Zum Beispiel an den Abend, an dem wir in einem Restaurant mitten in der Pampa gelandet sind, das voll war mit rauchenden alten Männern, die lauthals Karten gespielt haben und niemand ein Wort Englisch konnte, wo wir aber das köstlichste Essen der ganzen Reise bekommen haben.
„Die touristischen Ziele ‚die man mal gesehen haben muss‘ sind vielleicht schön anzusehen, aber eigentlich nur noch eine vermarktete Hülle von etwas längst Vergangenem.“
Und das ist es, worauf man sich immer wieder besinnen sollte: Die touristischen Ziele „die man mal gesehen haben muss“ sind vielleicht schön anzusehen, aber eigentlich nur noch eine vermarktete Hülle von etwas längst Vergangenem.

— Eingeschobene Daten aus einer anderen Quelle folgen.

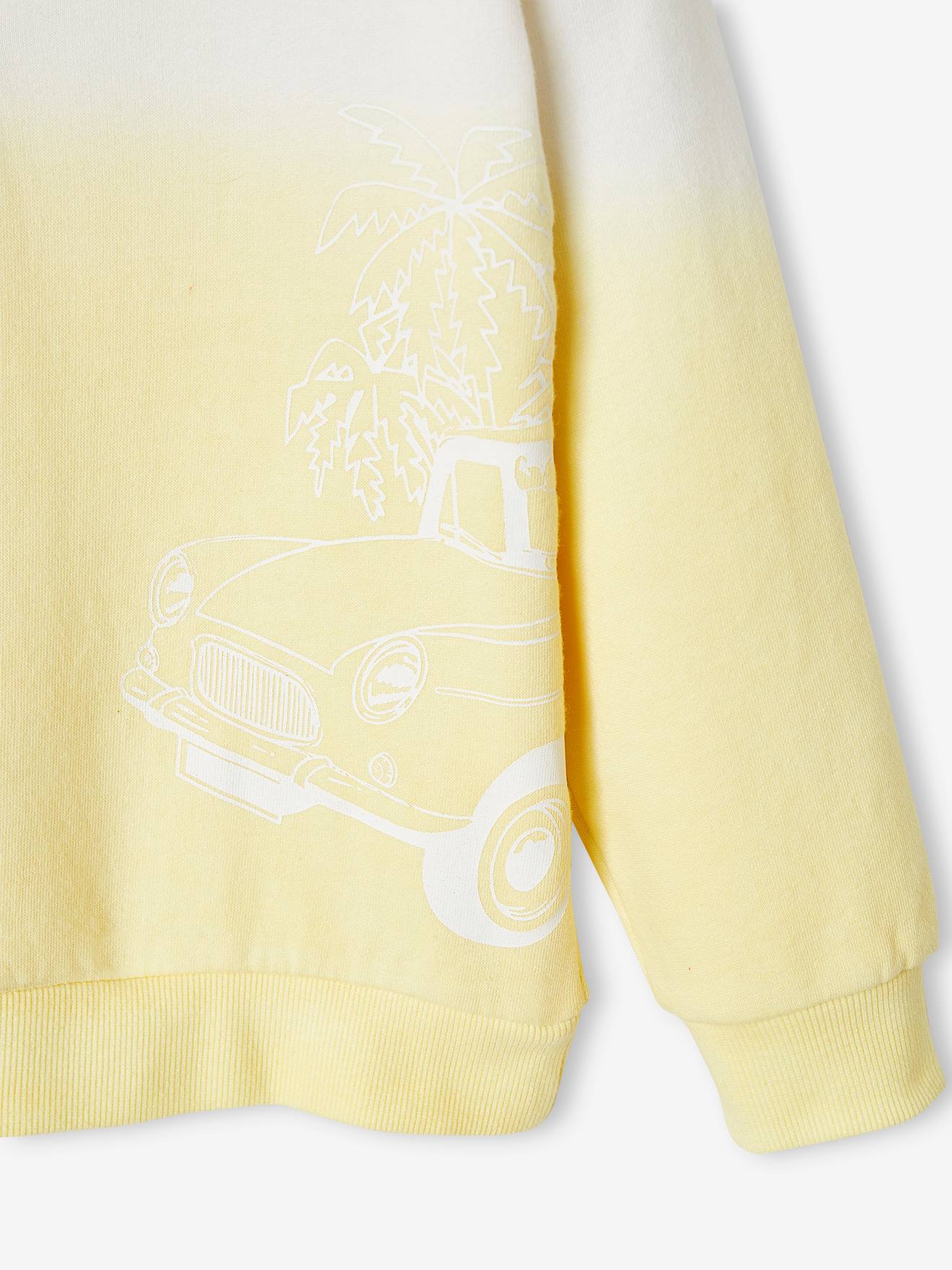 Sweat à capuche motif voiture garçon effet deep dye jaune pastel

Neue Orte zu entdecken ist super wichtig und wunderschön, aber nur für den Insta-Feed ein Foto vor jeder Sehenswürdigkeit des Landes zu haben, bringt dir selbst wenig Mehrwert und belastet Natur und Menschen an diesen Orten. Tourismus ist überlebenswichtig für sehr viele Gegenden, aber im Übermaß schadet er mehr, als dass es hilft.
Warst du schon mal in Portugal? Wenn ja, schreib mir gerne, was du am Besten fandest! Wenn nein, wird es auf jeden Fall Zeit! (nach Corona natürlich)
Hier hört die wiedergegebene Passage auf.